WORK ORDER
Pictures are to be excluded. Please print only the lines from the one containing "Used Pair or" through the end of the data, exactly as they appear.

════════════════

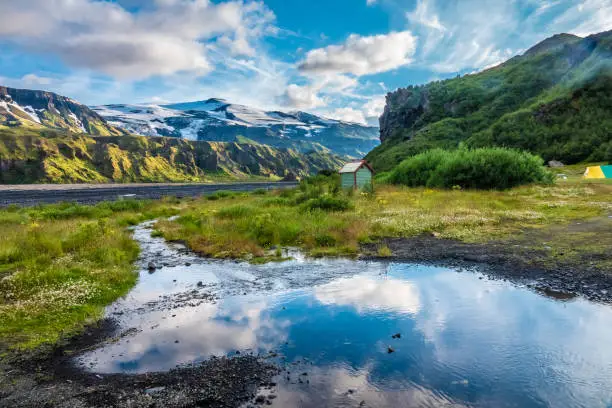 Photo of The top of the Eyjafjallajokull glacier and volcano  from Thorsmork in the Highlands of Iceland at southern end of the famous Laugavegur hiking trail.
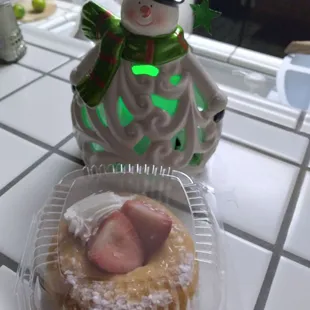 Strawberry and cream filled donut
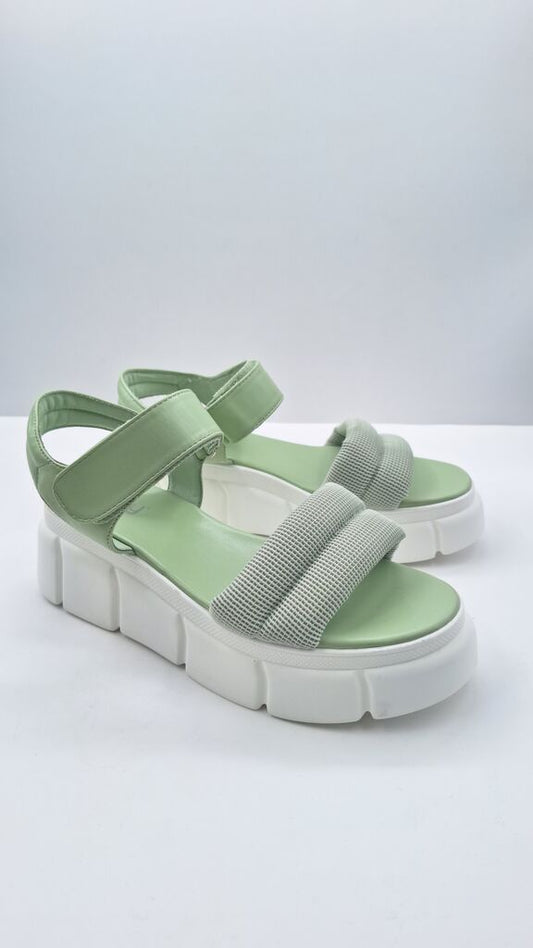 Mint Textured Platform Sandals with Wide Straps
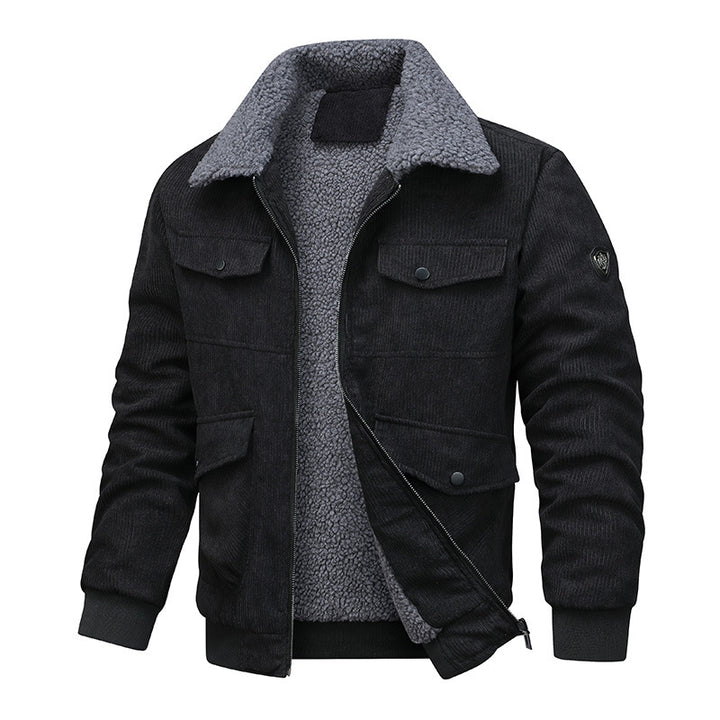 Herren stilvolle und warme Cordjacke mit Fleece-Futter Aliams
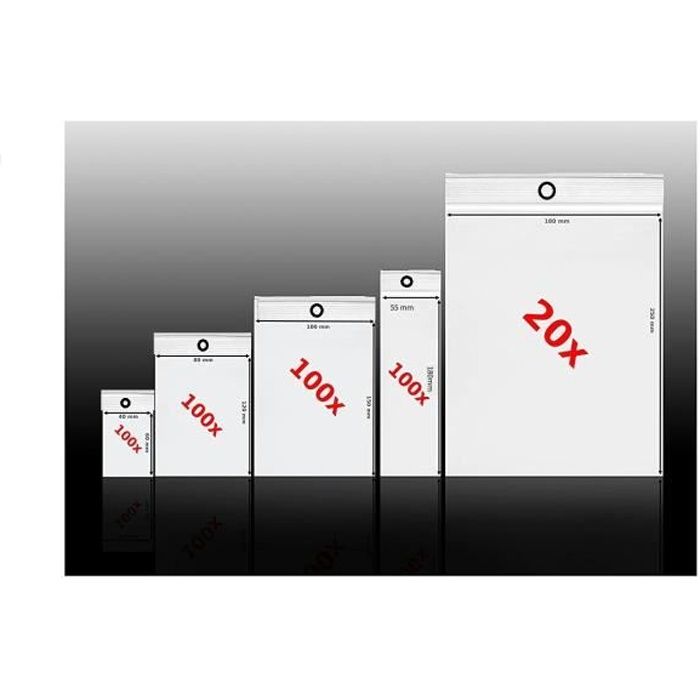 Assortiment de 420 sachets plastique à fermeture à zip Set de 5 tailles différentes lot de sac fermeture pression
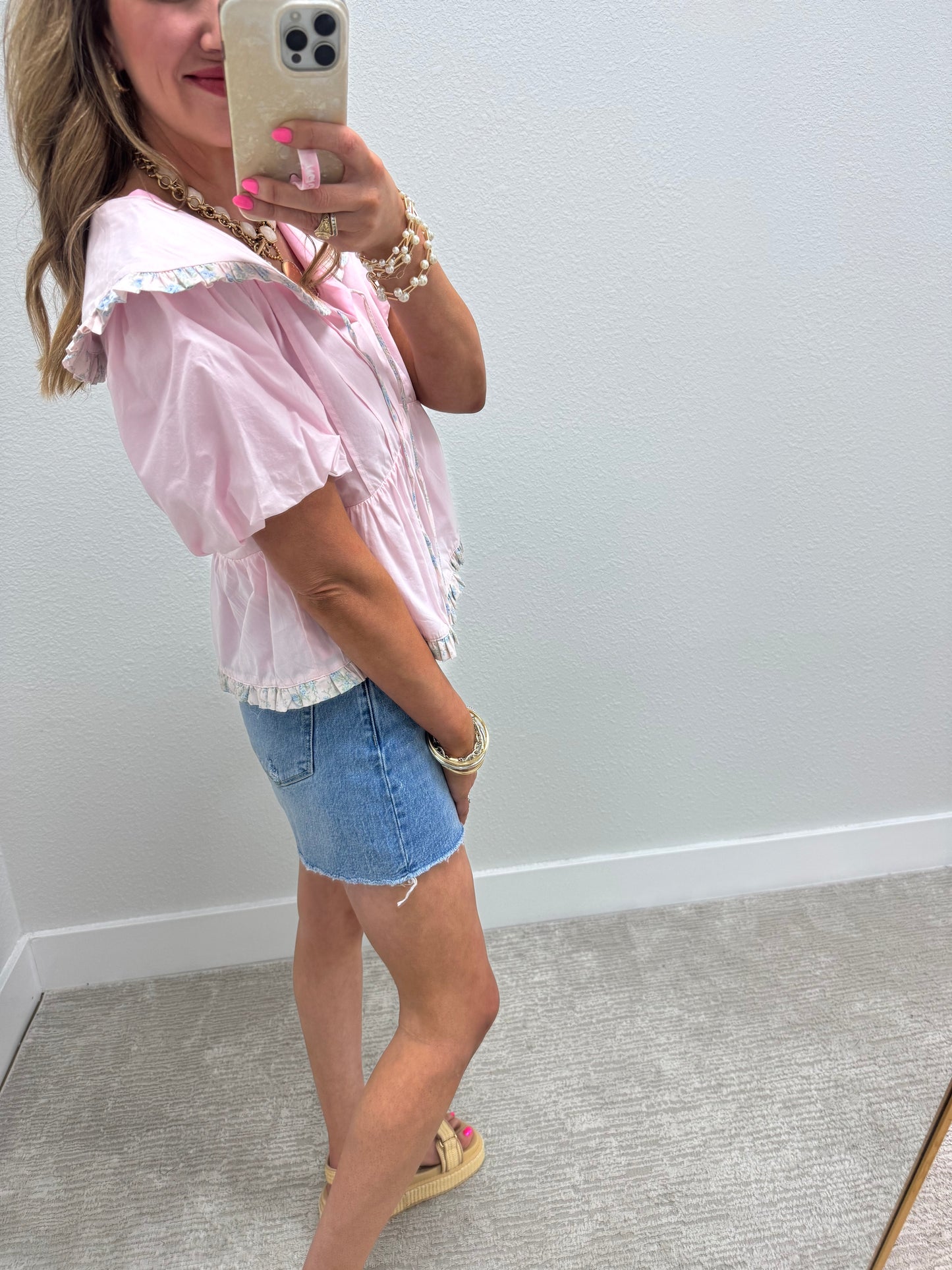 Pink Multi Floral Tie Collared Neck Top
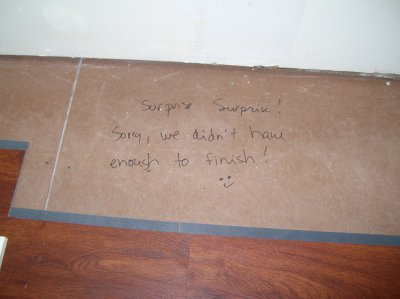 We didn't have enough to finish under the vanity so we left a note for the next owners ;)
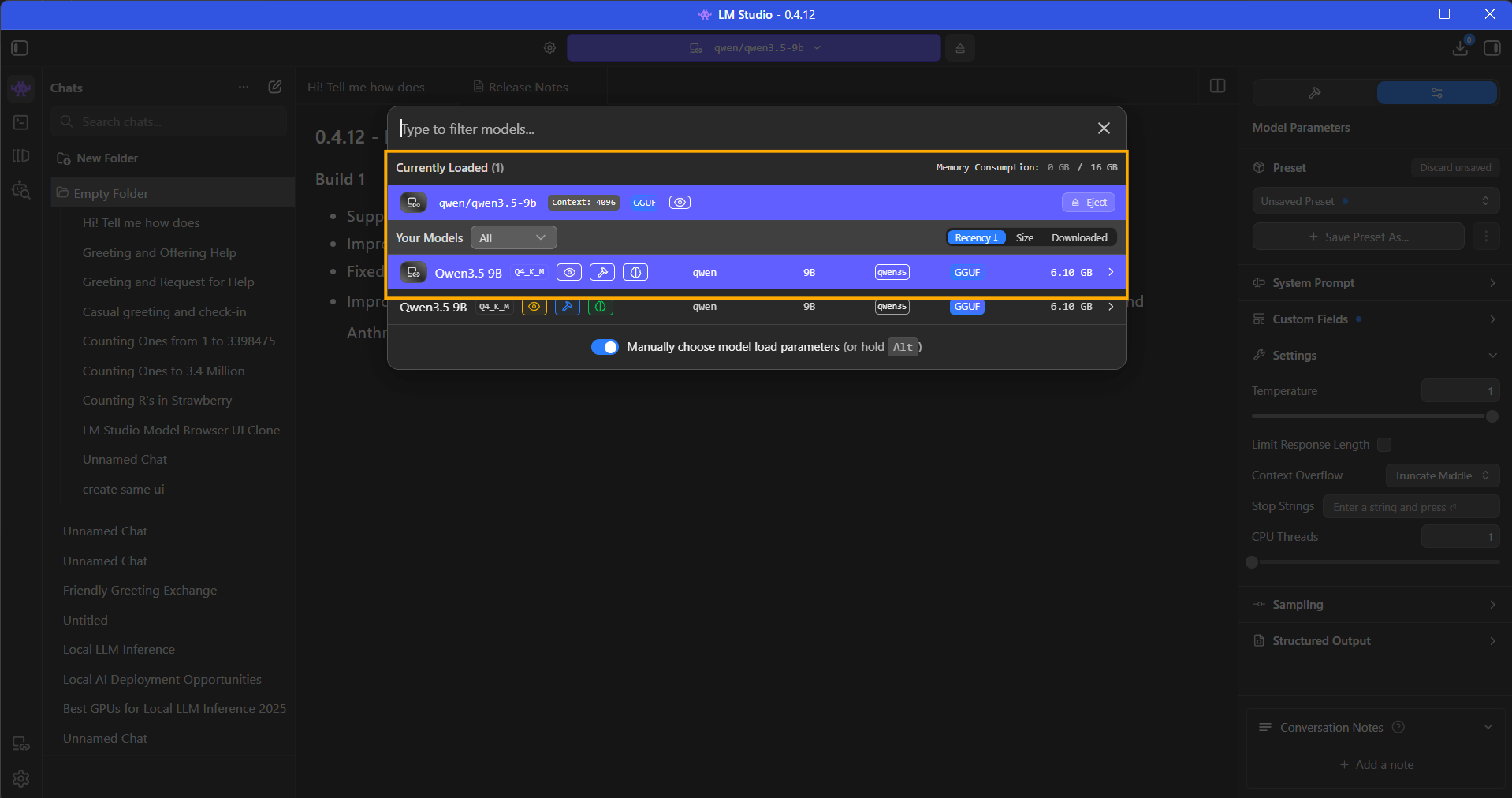 LM Studio desktop app showing remote models loaded and available via LM Link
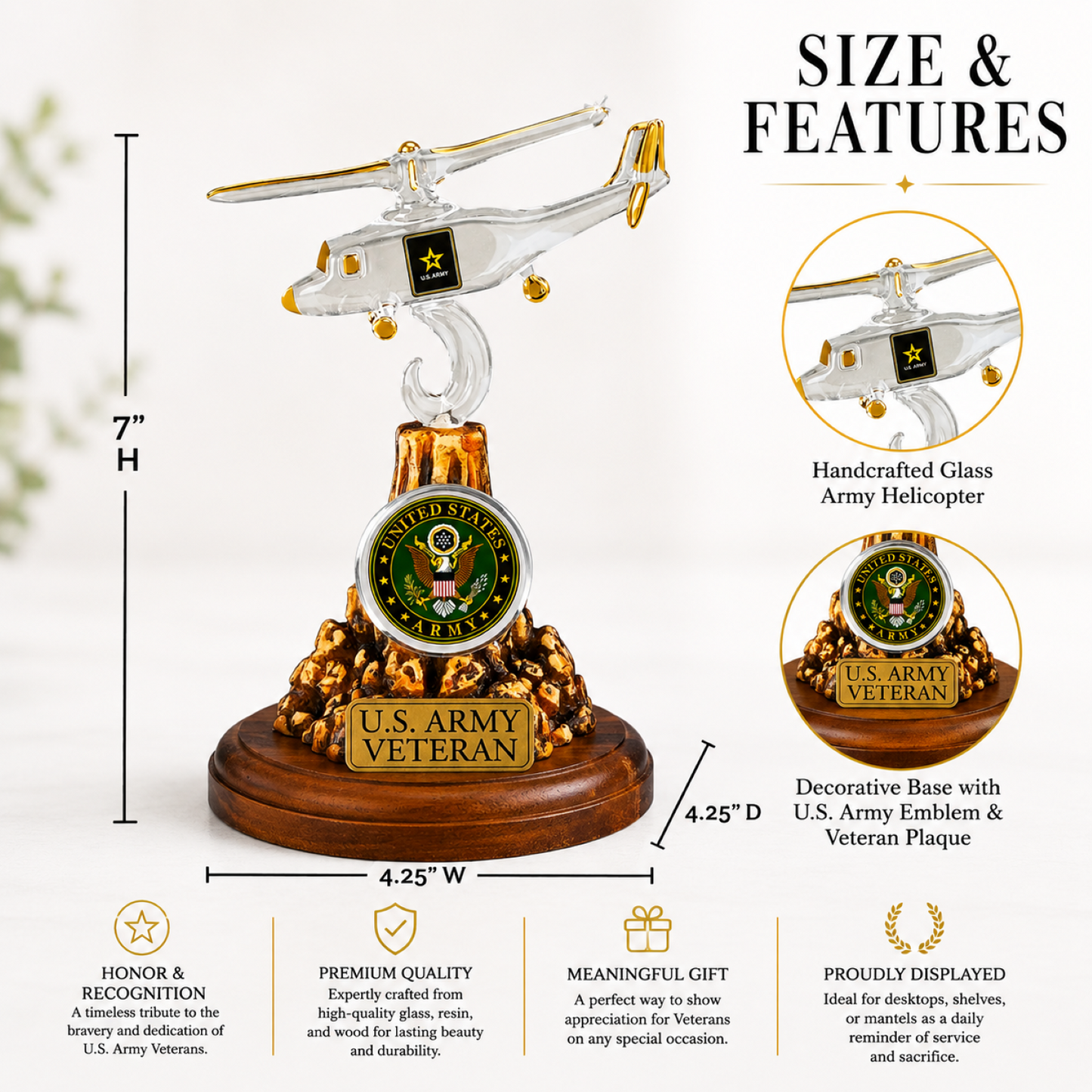 U.S. Army Veteran Helicopter Figurine | Military Gift for Veterans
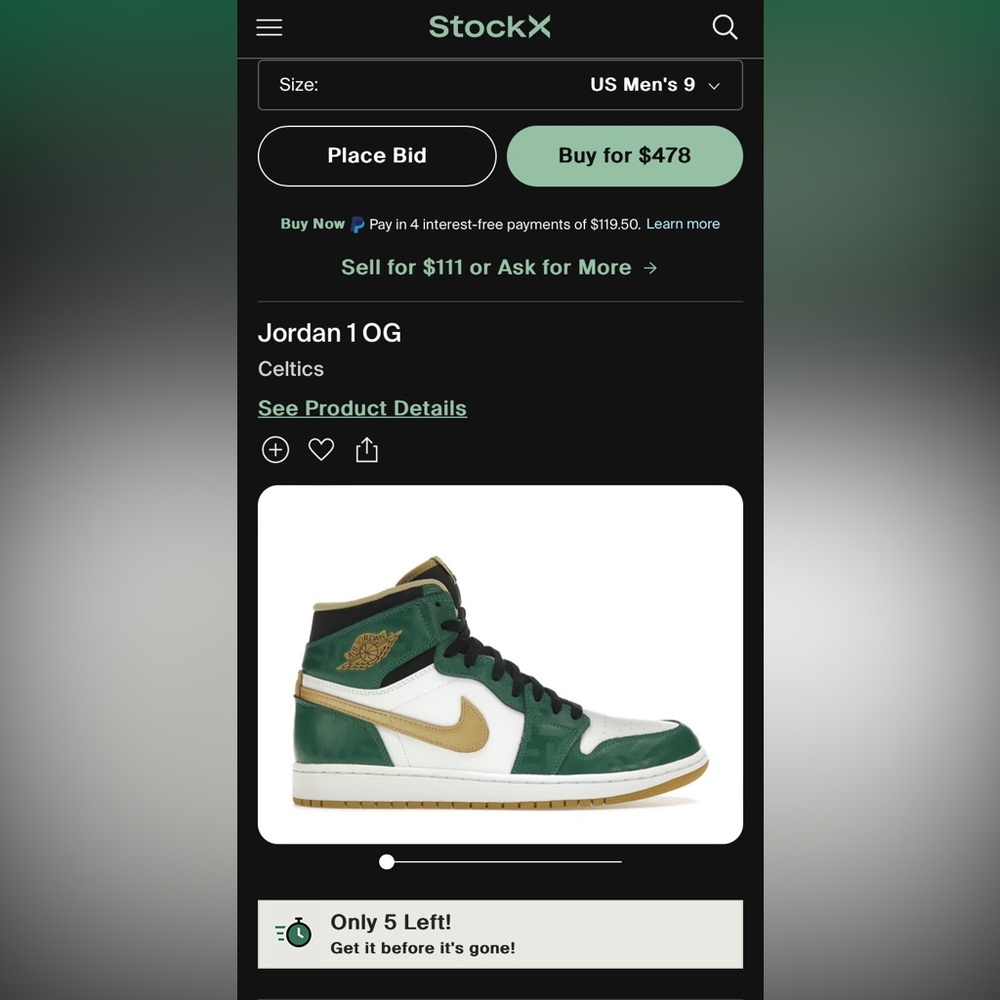 Used Pair or Jordan 1 Celtics, Men’s Size 9, No Box, Genuine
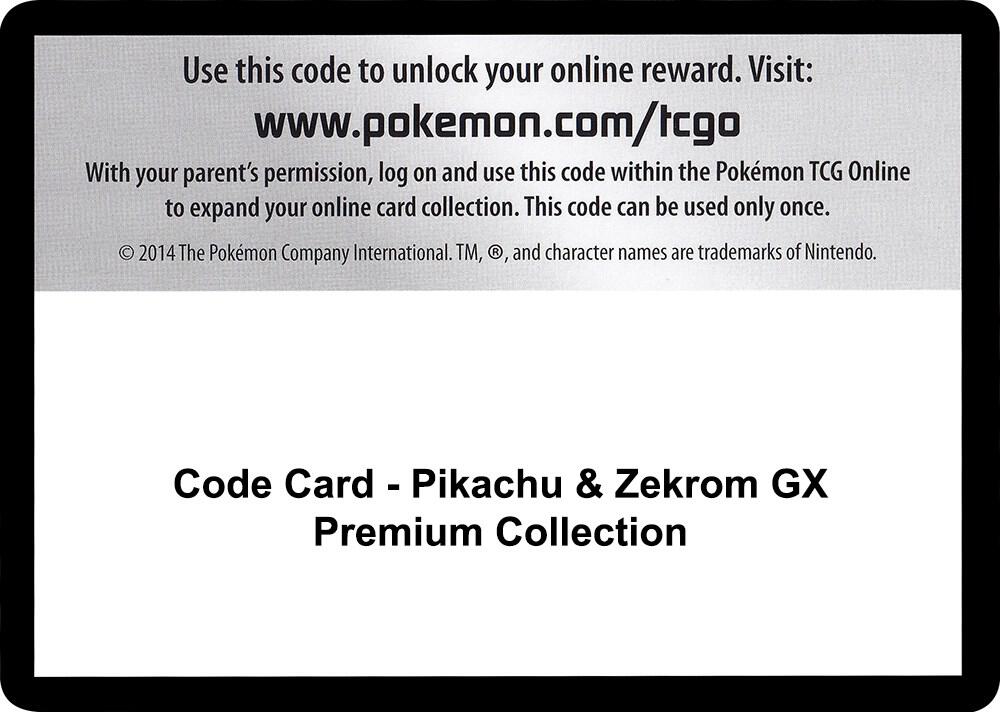 Code Card - Pikachu & Zekrom GX Premium Collection - Code Card Miscellaneous Cards & Products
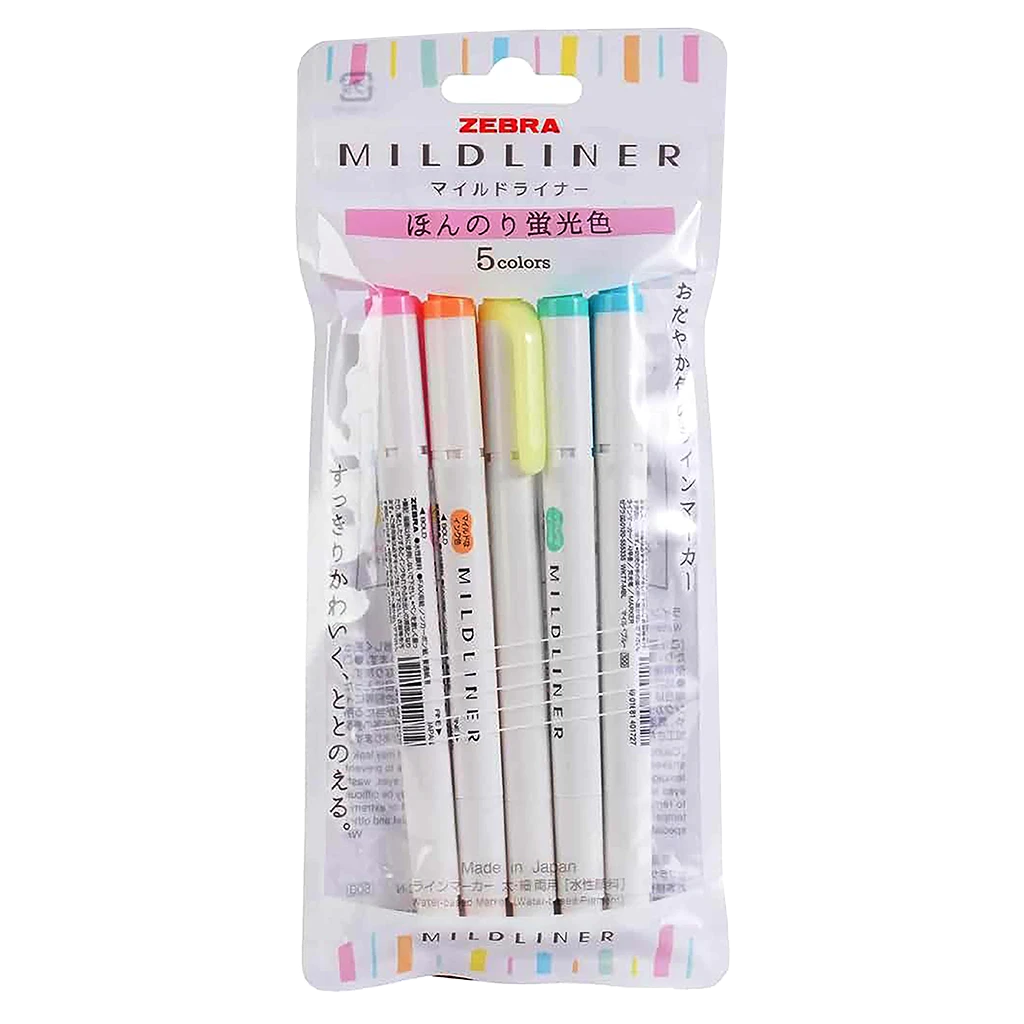 Zebra Mildliner Highlighter Pens Set of  5 Colors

════════════════

RESPONSE AREA
 Used Pair or Jordan 1 Celtics, Men’s Size 9, No Box, Genuine
 Code Card - Pikachu & Zekrom GX Premium Collection - Code Card Miscellaneous Cards & Products
 Zebra Mildliner Highlighter Pens Set of  5 Colors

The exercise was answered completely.